The media seems to get some of it right...but not all. The WSJ is correct; kissing the tuchus of folks illegally squatting on the lawn is stupid. Very simple...you're free to protest so long as it isn't hate speech, or antisemitic and you don't set up tents...otherwise, you're getting shown the door immediately.


Supporting peaceful protest on the other hand is what America's all about.


As for the way the WSJ throws around the term "antisemite"...not sure I buy that. You can protest against the way Israel is handling Gaza or is treating the Palestinians without being antisemitic. For example...if you're like me! Yes, I'm Jewish and the last time I checked I'm not antisemitic...I don't hate myself.
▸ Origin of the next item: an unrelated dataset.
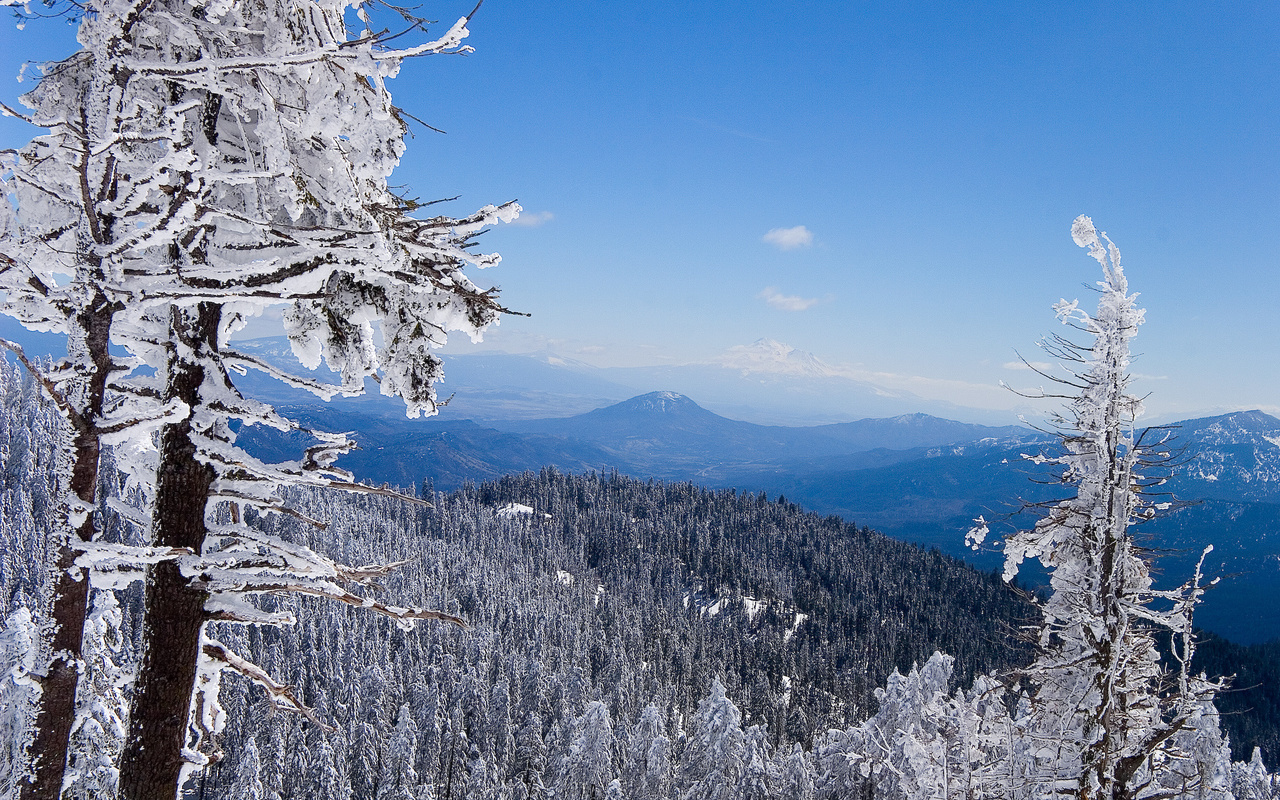 mountain, grass, gree, grass, sky, snow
Northwestern’s Deal With Campus Antisemites

The school president defends his concessions to anti-Israel protesters.

By The Editorial Board, WSJ

May 24, 2024


Michael Schill, President, Northwestern University, at a hearing of the House Committee on Education and the Workforce on Thursday PHOTO: MICHAEL BROCHSTEIN/ZUMA PRESS

Things haven’t gone well when university presidents appear before Congress, and the latest embarrassment was turned in on Thursday by Northwestern University President Michael Schill.


Before the House Committee on Education and the Workforce, Mr. Schill defended his school’s decision to offer academic set-asides for Palestinians in exchange for an end to protesters’ encampment on campus. The deal includes promises to fund two Palestinian faculty members per year for two years, scholarships for five Palestinian undergraduates, and new space on campus for Muslim students.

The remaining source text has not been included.